▶ **WORK TASK**
Answer with the exact lines of the following material from the one containing "Kate Garraway looking" through the one containing "Casio Enticer Date", both end lines included.

▶ **SOURCE MATERIAL**
'''
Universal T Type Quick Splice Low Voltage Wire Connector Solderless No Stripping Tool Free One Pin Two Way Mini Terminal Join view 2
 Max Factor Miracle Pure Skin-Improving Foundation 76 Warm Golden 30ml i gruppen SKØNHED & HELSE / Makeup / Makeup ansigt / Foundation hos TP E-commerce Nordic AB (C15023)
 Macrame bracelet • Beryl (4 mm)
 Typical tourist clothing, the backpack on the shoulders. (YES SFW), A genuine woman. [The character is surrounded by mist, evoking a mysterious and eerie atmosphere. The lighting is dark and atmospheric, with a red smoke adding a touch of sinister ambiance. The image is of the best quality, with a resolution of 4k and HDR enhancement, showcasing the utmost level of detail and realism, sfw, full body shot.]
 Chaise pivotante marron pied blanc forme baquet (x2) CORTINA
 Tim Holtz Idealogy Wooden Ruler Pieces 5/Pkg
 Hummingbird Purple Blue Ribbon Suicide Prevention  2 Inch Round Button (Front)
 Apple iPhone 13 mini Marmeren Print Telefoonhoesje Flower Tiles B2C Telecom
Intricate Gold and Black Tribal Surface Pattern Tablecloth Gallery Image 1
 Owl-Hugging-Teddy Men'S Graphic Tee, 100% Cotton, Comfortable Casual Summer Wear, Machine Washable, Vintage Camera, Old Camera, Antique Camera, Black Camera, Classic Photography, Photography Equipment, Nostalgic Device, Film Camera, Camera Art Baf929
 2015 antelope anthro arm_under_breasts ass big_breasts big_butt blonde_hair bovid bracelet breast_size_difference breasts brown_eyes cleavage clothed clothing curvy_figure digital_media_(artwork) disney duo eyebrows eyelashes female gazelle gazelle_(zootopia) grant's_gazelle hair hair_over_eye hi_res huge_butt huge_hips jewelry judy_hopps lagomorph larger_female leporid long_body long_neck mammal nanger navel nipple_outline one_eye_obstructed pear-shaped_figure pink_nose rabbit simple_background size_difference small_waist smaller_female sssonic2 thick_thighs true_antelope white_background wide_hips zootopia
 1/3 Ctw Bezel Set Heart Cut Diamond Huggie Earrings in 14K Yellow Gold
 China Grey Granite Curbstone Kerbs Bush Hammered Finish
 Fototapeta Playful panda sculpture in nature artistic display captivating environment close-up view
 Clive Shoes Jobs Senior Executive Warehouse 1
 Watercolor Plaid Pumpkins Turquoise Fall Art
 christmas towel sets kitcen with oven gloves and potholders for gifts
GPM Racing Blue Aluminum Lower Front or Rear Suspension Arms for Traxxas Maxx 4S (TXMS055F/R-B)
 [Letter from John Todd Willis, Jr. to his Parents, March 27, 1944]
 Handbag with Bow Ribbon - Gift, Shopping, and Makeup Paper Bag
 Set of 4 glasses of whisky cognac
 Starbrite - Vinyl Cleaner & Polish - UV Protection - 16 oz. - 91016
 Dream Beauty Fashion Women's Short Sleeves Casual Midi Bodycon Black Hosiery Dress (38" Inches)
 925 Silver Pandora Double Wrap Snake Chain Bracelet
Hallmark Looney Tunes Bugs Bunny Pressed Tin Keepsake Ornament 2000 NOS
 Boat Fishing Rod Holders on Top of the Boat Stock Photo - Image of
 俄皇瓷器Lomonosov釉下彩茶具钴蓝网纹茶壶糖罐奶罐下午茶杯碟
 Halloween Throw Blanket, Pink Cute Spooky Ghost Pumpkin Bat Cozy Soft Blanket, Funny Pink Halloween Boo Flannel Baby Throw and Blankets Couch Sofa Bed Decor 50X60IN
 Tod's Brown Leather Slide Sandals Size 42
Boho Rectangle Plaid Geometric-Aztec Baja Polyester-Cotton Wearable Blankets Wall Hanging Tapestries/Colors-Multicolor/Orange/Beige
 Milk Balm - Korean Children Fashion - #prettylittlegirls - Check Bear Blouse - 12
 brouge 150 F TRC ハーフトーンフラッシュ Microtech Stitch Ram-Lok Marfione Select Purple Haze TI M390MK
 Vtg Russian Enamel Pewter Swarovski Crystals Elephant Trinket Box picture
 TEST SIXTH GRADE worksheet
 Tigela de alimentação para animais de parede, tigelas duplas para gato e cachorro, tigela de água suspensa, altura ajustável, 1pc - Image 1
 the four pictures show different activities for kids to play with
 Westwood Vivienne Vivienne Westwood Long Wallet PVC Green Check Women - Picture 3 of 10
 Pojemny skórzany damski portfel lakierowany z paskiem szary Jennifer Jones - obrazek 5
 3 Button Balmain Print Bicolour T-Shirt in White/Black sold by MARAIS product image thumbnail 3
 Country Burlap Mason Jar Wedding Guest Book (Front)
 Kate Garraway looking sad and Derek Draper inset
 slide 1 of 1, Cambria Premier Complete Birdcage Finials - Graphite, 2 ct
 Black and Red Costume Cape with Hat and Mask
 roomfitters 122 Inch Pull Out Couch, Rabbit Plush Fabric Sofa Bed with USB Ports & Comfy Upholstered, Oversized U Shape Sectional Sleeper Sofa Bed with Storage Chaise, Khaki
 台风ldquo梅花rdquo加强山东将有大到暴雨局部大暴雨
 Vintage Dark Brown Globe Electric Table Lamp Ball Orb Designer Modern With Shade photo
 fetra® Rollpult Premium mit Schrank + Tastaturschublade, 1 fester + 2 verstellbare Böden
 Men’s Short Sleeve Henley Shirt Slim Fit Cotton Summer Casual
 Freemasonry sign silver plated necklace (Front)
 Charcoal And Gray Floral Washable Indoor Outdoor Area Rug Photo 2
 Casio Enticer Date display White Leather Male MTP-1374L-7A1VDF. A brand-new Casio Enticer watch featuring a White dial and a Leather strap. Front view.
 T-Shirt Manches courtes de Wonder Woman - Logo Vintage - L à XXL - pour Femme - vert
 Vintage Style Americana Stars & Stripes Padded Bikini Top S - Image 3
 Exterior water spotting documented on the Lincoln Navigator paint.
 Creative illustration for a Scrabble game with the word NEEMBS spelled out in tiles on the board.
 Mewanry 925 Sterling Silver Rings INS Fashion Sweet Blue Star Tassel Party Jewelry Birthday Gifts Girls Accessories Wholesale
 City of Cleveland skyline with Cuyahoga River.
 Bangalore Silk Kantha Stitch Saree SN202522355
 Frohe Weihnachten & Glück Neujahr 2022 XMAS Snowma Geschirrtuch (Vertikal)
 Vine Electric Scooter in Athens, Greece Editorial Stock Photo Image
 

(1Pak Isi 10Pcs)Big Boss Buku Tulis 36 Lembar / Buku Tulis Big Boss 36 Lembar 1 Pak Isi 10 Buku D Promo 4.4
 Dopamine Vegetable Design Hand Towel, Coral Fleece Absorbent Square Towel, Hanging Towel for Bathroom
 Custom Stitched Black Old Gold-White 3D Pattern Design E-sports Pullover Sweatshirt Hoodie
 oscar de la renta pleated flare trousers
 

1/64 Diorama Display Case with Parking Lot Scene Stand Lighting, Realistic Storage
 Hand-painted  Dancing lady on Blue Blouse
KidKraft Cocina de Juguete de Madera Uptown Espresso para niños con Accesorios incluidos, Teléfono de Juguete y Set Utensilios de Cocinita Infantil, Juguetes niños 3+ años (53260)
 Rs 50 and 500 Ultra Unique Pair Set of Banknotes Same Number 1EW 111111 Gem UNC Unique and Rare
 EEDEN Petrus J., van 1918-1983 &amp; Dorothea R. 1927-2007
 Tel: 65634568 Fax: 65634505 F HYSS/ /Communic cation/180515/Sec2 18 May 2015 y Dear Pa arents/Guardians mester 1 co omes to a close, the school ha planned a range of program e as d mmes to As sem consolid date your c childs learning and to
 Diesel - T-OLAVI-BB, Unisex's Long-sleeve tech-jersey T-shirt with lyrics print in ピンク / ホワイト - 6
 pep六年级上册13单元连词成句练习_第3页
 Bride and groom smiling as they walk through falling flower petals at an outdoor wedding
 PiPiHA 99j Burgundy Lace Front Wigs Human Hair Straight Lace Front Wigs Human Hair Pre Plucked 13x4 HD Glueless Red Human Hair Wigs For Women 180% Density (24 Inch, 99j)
'''
▶ **RESULT OF THIS TASK**
 Kate Garraway looking sad and Derek Draper inset
 slide 1 of 1, Cambria Premier Complete Birdcage Finials - Graphite, 2 ct
 Black and Red Costume Cape with Hat and Mask
 roomfitters 122 Inch Pull Out Couch, Rabbit Plush Fabric Sofa Bed with USB Ports & Comfy Upholstered, Oversized U Shape Sectional Sleeper Sofa Bed with Storage Chaise, Khaki
 台风ldquo梅花rdquo加强山东将有大到暴雨局部大暴雨
 Vintage Dark Brown Globe Electric Table Lamp Ball Orb Designer Modern With Shade photo
 fetra® Rollpult Premium mit Schrank + Tastaturschublade, 1 fester + 2 verstellbare Böden
 Men’s Short Sleeve Henley Shirt Slim Fit Cotton Summer Casual
 Freemasonry sign silver plated necklace (Front)
 Charcoal And Gray Floral Washable Indoor Outdoor Area Rug Photo 2
 Casio Enticer Date display White Leather Male MTP-1374L-7A1VDF. A brand-new Casio Enticer watch featuring a White dial and a Leather strap. Front view.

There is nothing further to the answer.